*Short descriptive text snippets*:
:::

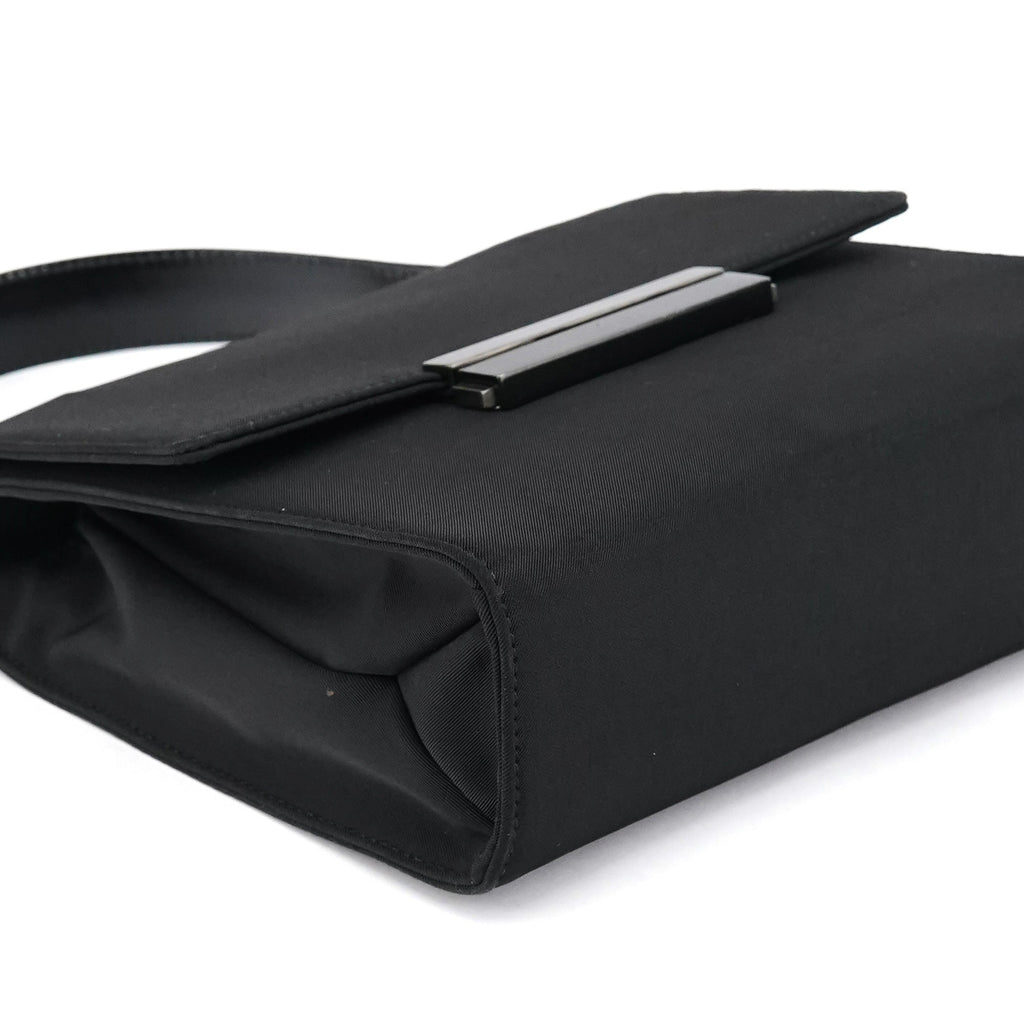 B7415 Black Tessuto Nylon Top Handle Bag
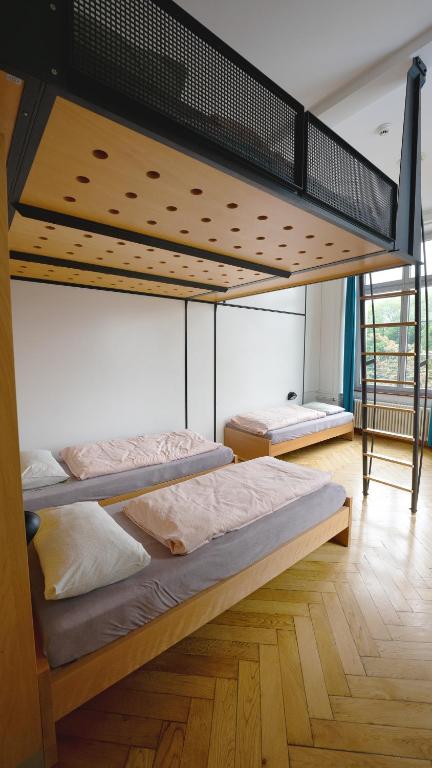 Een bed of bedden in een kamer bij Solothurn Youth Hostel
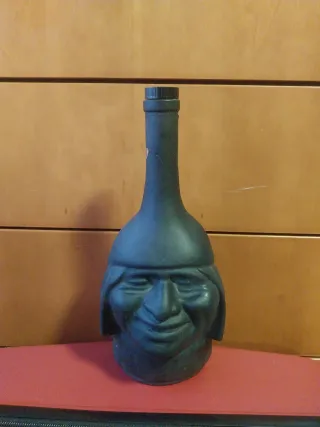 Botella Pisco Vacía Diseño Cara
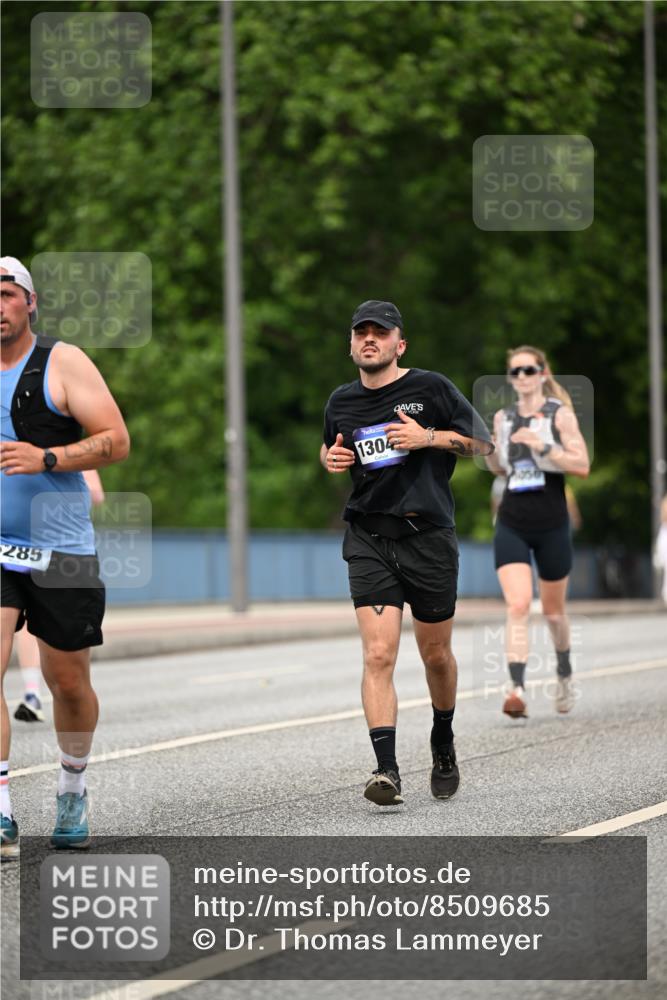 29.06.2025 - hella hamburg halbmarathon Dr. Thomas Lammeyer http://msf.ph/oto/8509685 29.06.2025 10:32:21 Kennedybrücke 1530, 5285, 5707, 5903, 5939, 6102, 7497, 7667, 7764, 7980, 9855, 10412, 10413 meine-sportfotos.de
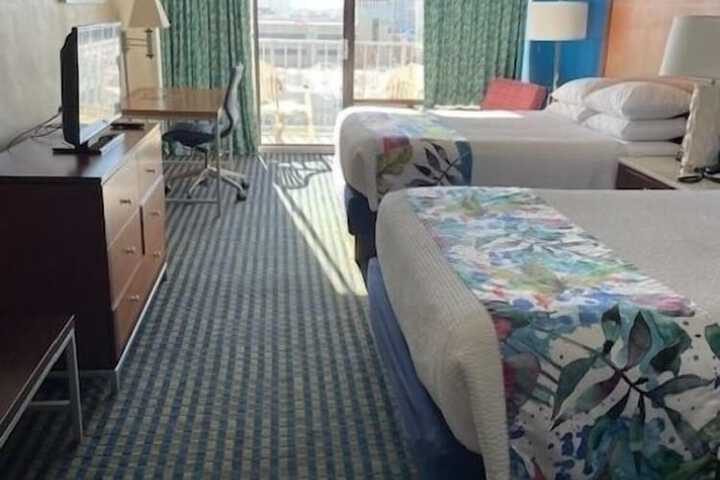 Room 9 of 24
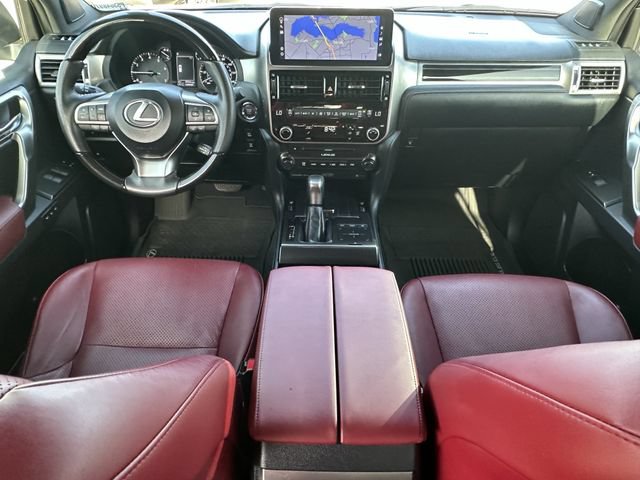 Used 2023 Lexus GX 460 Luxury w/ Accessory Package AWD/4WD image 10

:::

*Work item*:
Copy every line above word for word and exclude the pictures.

*Output of the task*:
 B7415 Black Tessuto Nylon Top Handle Bag
 Een bed of bedden in een kamer bij Solothurn Youth Hostel
 Botella Pisco Vacía Diseño Cara
 29.06.2025 - hella hamburg halbmarathon Dr. Thomas Lammeyer http://msf.ph/oto/8509685 29.06.2025 10:32:21 Kennedybrücke 1530, 5285, 5707, 5903, 5939, 6102, 7497, 7667, 7764, 7980, 9855, 10412, 10413 meine-sportfotos.de
 Room 9 of 24
 Used 2023 Lexus GX 460 Luxury w/ Accessory Package AWD/4WD image 10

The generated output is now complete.